E come vi state muovendo?
Abbiamo una Carta dei servizi contro la violenza di genere e domestica, una sorta di protocollo Codice rosso, che deve essere rispettato in modo tale che ogni urgenza arrivi già con tutte le indicazioni che si possono conoscere, le informazioni che ci possono far gestire bene il caso. E su questo fronte che stiamo cercando di gestire la cosa in maniera diversa, a cominciare dalla formazione.
In che modo?
Abbiamo creato una rete di punti qualificati di ascolto, con la quale periodicamente, massimo ogni tre mesi, ci vediamo. Sono coinvolte anche compagnie, tenenze, stazioni, commissariati, comandi della Polizia locale. Per avere un numero ben individuato di persone specificamente indicate, che si formano con noi sul Codice rosso. Facciamo formazione e disseminazione. I prossimi incontri sono previsti a dicembre, con un centinaio di persone ogni volta, per fare l’analisi anche dei casi nei quali l’indagine non è andata bene, per capire cosa non ha funzionato e da chi è dipeso.
Chi partecipa?
Ci sono i tre magistrati del gruppo Codice rosso della Procura, io e il procuratore aggiunto. Poi ogni reparto territoriale mi deve tenere aggiornato su quali sono le persone che si occupano del tema. Normalmente in una stazione dei carabinieri saranno 3-4 persone, e tutte devono partecipare a questi incontri. Al prossimo parteciperanno anche tutti i centri antiviolenza.

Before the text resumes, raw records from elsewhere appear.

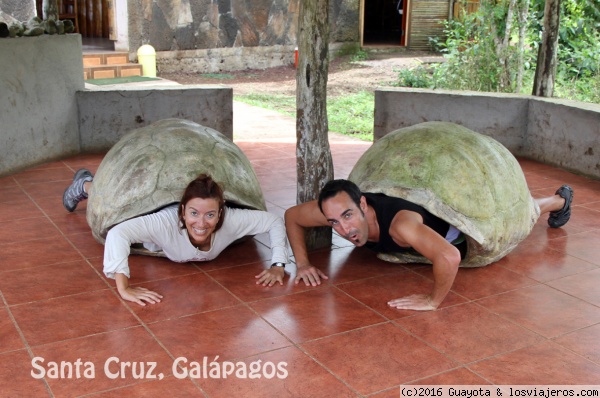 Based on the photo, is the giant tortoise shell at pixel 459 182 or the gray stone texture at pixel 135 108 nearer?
the giant tortoise shell at pixel 459 182

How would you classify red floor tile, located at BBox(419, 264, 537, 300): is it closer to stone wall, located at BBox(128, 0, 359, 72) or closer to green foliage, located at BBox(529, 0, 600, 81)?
green foliage, located at BBox(529, 0, 600, 81)

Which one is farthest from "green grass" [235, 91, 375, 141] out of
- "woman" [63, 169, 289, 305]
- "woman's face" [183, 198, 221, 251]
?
"woman's face" [183, 198, 221, 251]

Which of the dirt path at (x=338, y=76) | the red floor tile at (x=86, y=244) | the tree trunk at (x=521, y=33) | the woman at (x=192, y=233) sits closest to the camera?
the woman at (x=192, y=233)

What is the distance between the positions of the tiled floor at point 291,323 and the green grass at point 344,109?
4.76 metres

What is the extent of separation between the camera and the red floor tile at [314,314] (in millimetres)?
3547

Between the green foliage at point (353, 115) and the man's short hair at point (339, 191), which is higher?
the man's short hair at point (339, 191)

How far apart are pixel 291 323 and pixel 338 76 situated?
1159 cm

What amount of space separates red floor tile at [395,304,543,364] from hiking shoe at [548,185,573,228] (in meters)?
1.70

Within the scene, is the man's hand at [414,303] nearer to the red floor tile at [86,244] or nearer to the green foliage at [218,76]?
the red floor tile at [86,244]

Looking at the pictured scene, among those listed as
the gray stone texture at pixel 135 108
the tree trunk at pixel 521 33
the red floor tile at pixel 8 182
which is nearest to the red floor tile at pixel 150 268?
the red floor tile at pixel 8 182

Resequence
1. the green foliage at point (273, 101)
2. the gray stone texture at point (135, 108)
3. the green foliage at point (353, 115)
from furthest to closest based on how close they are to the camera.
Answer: the green foliage at point (273, 101) < the green foliage at point (353, 115) < the gray stone texture at point (135, 108)

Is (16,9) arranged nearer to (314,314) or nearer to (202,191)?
(202,191)

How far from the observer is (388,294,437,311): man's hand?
3.79 meters

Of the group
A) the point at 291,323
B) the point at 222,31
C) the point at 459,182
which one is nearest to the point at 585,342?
the point at 459,182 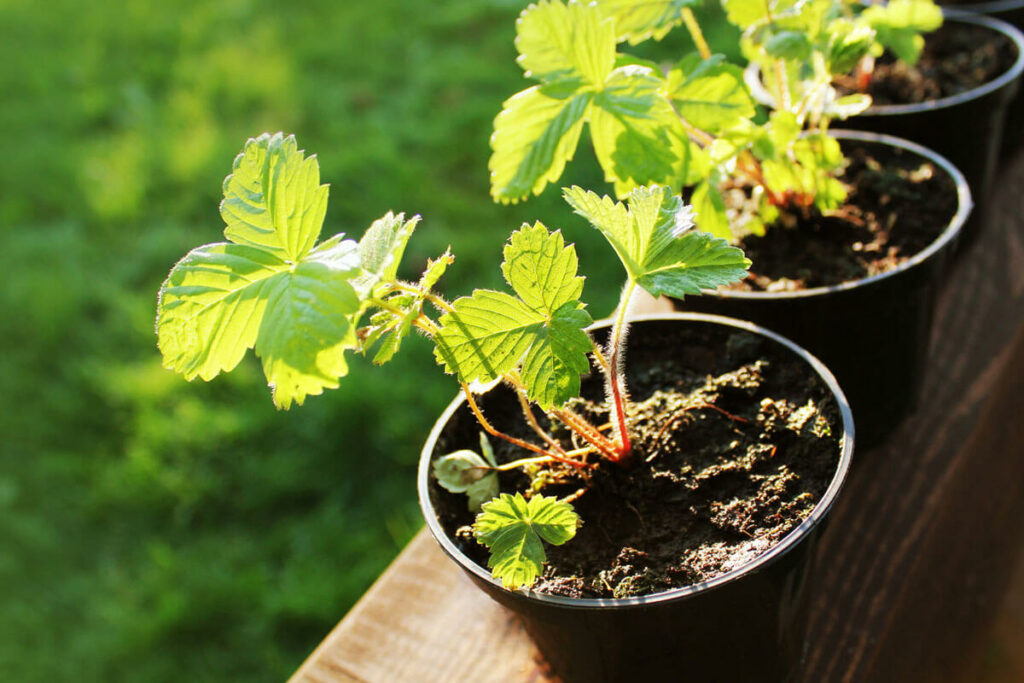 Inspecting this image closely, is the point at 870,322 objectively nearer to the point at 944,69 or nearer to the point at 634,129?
the point at 634,129

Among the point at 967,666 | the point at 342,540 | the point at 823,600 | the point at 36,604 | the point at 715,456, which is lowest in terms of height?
the point at 967,666

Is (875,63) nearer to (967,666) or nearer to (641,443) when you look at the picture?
(967,666)

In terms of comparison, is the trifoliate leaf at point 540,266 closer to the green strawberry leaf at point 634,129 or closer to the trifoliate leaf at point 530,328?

Non sono pochi tre magistrati?
Abbiamo tre magistrati specialisti del settore, poi tutti gli altri sono seguiti dall’unità Codice rosso. Questo fa sì che chi è di turno sia istruito su come si deve intervenire. Abbiamo fissato degli standard che ci devono essere sempre. La legge, che è stata approvata di recente, vuole che entro tre giorni dal momento dell’iscrizione la persona offesa sia già sentita dal magistrato o su delega del magistrato. Noi ancor prima che arrivi una notizia di reato, quando uno si presenta a una stazione o a un commissariato, ci facciamo chiamare da chi riceve la denuncia per cui già in fase di ascolto diamo le indicazioni su come il caso deve essere istruito. Se si presenta una donna per maltrattamenti a una stazione, il comandante chiama il magistrato di turno e chiede subito istruzioni. Poi il “turnista” gestisce la cosa col magistrato specializzato in modo da fare tutto nel modo più rapido possibile.
Che altre collaborazioni avete dal territorio?
Abbiamo un’importante risorsa che è il Centro cura del trauma della Asl Bat che si occupa dei minori, in particolare dei cosiddetti orfani speciali. Un evento come quello di Andria crea un doppio stato di orfano, perché perdi madre e padre contemporaneamente. Su questo è intervenuta martedì questa unità che è straordinaria. Proviamo a fare in modo che tutti i singoli nodi di questa rete siano sempre più consapevoli e professionali.
I casi di Codice rosso sono in aumento sul vostro territorio?
Negli ultimi anni c’è stata una frequenza costante. Ma di recente abbiamo avuto due episodi di violenza sessuale di minori da parte dei compagni delle madri. A distanza ravvicinata. E questo ci preoccupa.